1. The sample files for this exercise consist of (a) the text of The Telltale Heart; (b) a file
consisting of ten thousand randomly-generated ASCII characters; (c)
bitmapped images of three paintings, along with a bitmapped image that
is entirely blue; (d) our wave file of a brief passage played on the
flute; (e) a square wave (the solution to one of the problems in Lab 2).
Download each of these files, compress it, note both the original file
size and the size of the compressed file, and compute the compression
ratio. Try to explain the different compression ratios obtained
for the various text files, various image files, and various audio
files.
Solution: The exact results may
vary depending upon exactly how the compression algorithm used by your
computer functions. I obtained the following results:
File
|
Original Size
|
Compressed
Size
|
Compression
Ratio
|
Telltale Heart
|
11,176 bytes
|
5,000 bytes
|
44.7%
|
Random Text
|
9,999 bytes
|
8,412 bytes
|
84.1%
|
Blue bitmap
|
645,102 bytes
|
1,157 bytes
|
0.18%
|
Flute
|
72,244 bytes
|
42,218 bytes
|
58.4%
|
Square Wave
|
28,204 bytes
|
338 bytes
|
1.2%
|
First let's try to account for the
files that compress to very small sizes: Zip looks for long
sequences of bytes that occur repeatedly in files. Since both the
blue bitmap file and the square wave file consist of the same of bytes
repeated many times over, there is a lot of compression. Note
that Huffman coding would also work well for this example, since the
bitmap uses only three byte values (see 3 below) and the square wave
only two. But Zip works better. The opposite extreme is the
random text: There is not a lot of repetition of long patterns,
and every one of the 95 printable characters appears with equal
frequency. We could actually encode 95 characters with seven,
rather than eight bits, and indeed, the compression ratio is close to
7/8. Note that Huffman coding would do as badly.
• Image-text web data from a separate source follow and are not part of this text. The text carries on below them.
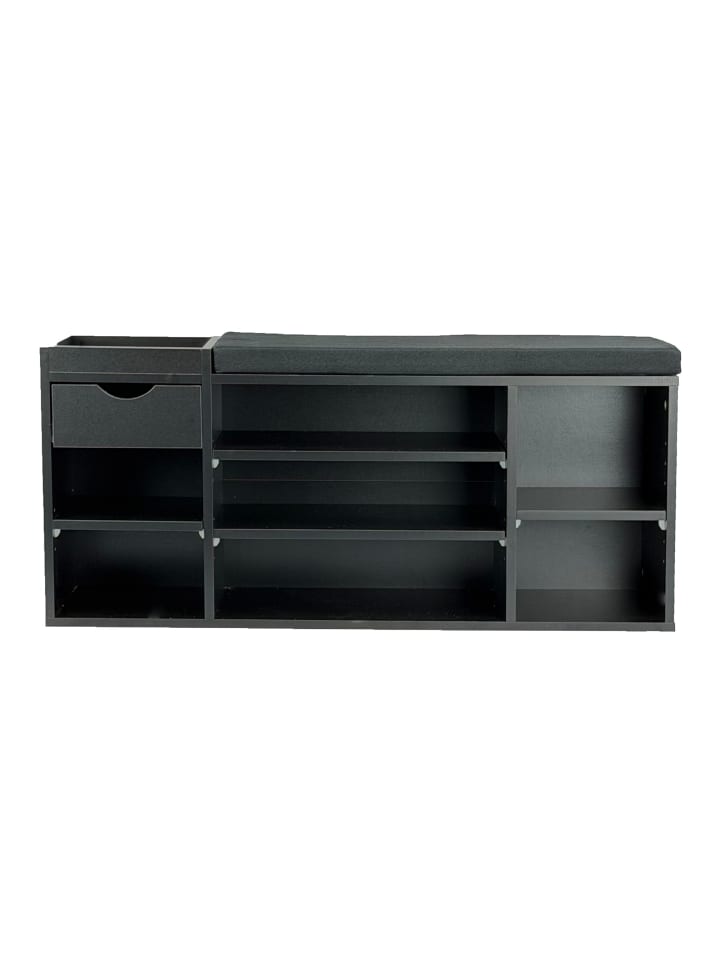 Schuhschrank in Schwarz / Spanplatte / 100x30x45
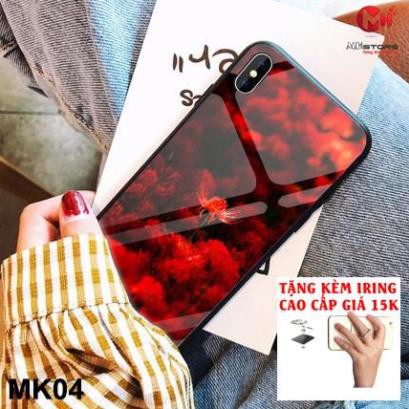 (Sale siêu hot) { CÓ VIDEO SHOP QUAY } Ốp Iphone mặt kính in hình hoa Bỉ Ngạn cực đẹp và cực độc cho chị em !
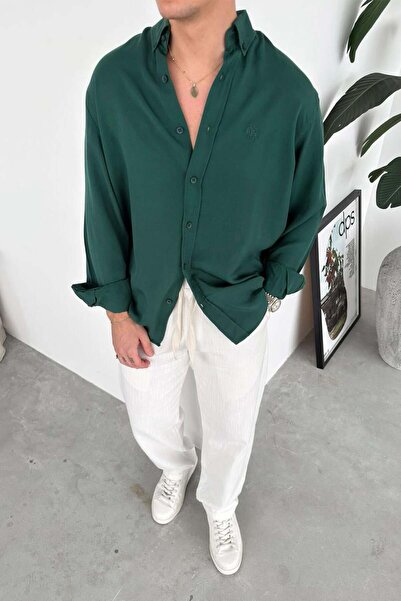HAFKAGİYİM Dark Green Embroidered Oversize Modal Shirt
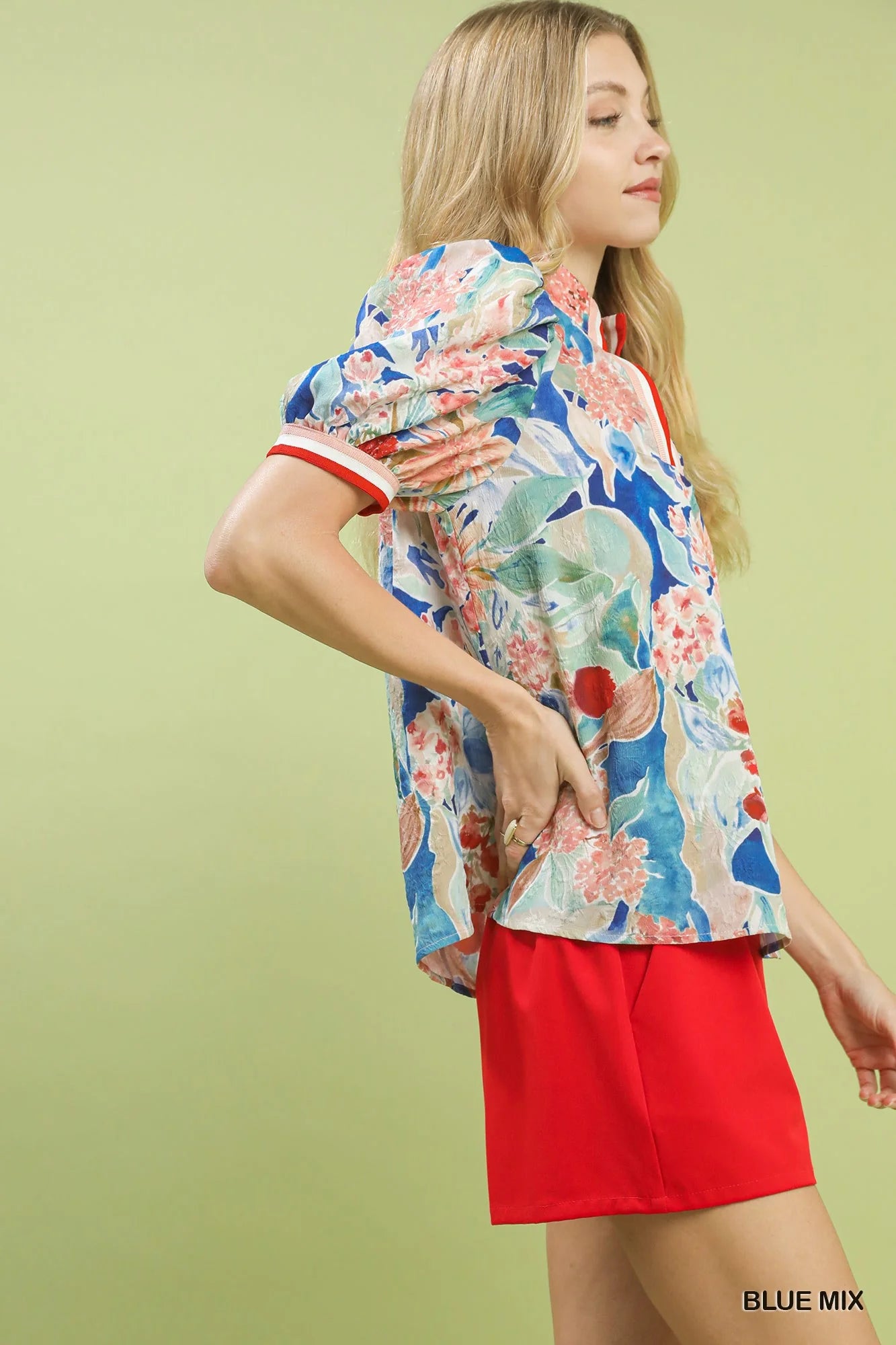Umgee Jacquard Bloomscape Print Top
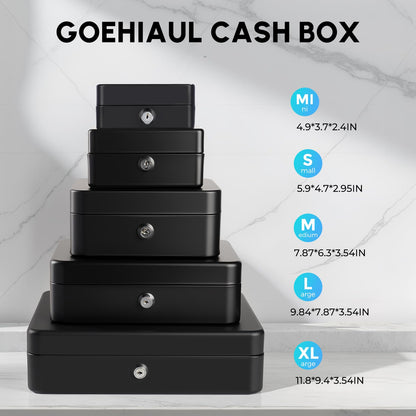 Cash Box with Lock Key and Money Tray - Large Money Box for Cash Register, Metal Lock Box for Money Safe 11.8" x 9.4" x 3.54" Black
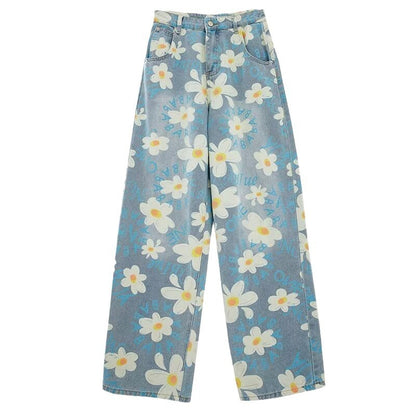 jean large imprimé floral délavé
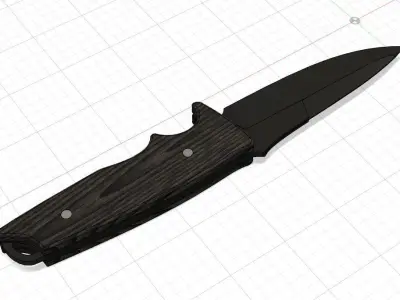 Hunter dagger knife for knife makers including PDF sheet 3D print model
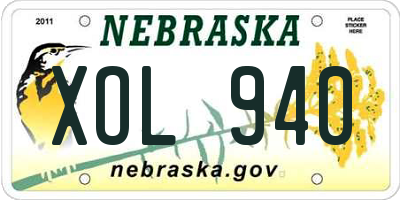 NE license plate XOL940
For the intermediate examples,
the English text and the flute, there is a good deal of repetition
(common words, the same cycle repeated for as long as a note is held)
and so there is a respectable amount of compression.
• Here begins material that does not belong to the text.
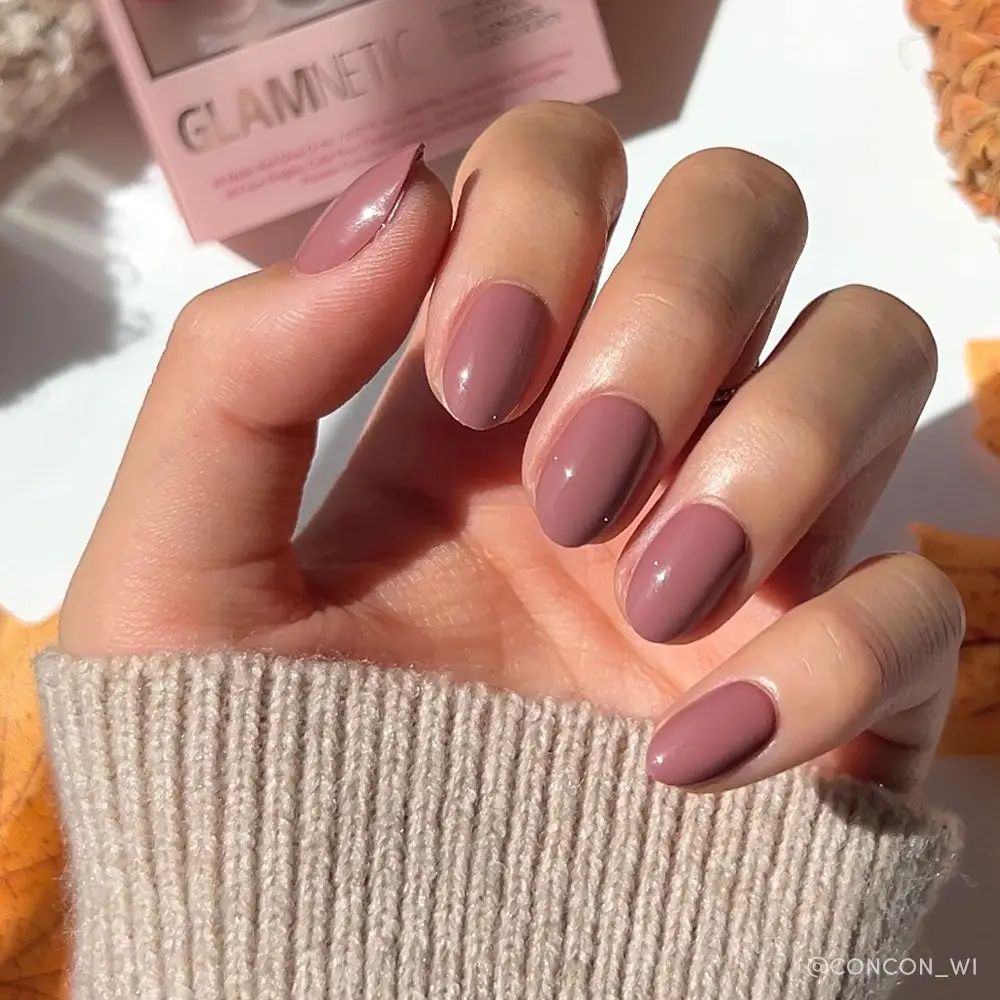 Glamnetic - Press-on Nails Short Oval - Fall Mauve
2. (a) What happens if you try to compress a file that already
has been compressed? Neither Mac OS nor Windows will let you take
a file of type .zip and try to compress it, but you can trick the
operating system by renaming the files---for instance, just change the
'.zip' to .txt'. This doesn't change the bytes in the file at
all, but you can now go ahead and apply zip again. Do this with
several of the zip files you created in Exercise 1. Note the
results, and try to account for them.
Solution: When I tried this with the
zipped version of the random text file, it actually INCREASED in size
to about 8900 bytes;and when I tried it with the blue bitmap, it
actually did decrease further, to 457 bytes. But when I tried to
compress this yet another time, the file size increased back to 573
bytes.
*(b) Explain why it is not possible to devise a data compression method
that is guaranteed to reduce the size of every file.
If this were possible, you could
repeatedly compress the file and reduce it to 0 bytes!
3. Suppose we applied Huffman coding to the .bmp file that is entirely
blue. What would the size of the compressed file be? (For
purposes of this problem, you can assume that the .bmp file consists
EXCLUSIVELY of the encodings of the pixels, and ignore the 54-bit
header.)
We would have 2/3 of the bytes equal
to 255 and 1/3 of the bytes equal to 0. Huffman coding would
choose just one bit for each of the possible values, so the file would
compress to 1/8 of its original size. Note that Zip gives a
better result because it works with long sequences of bytes.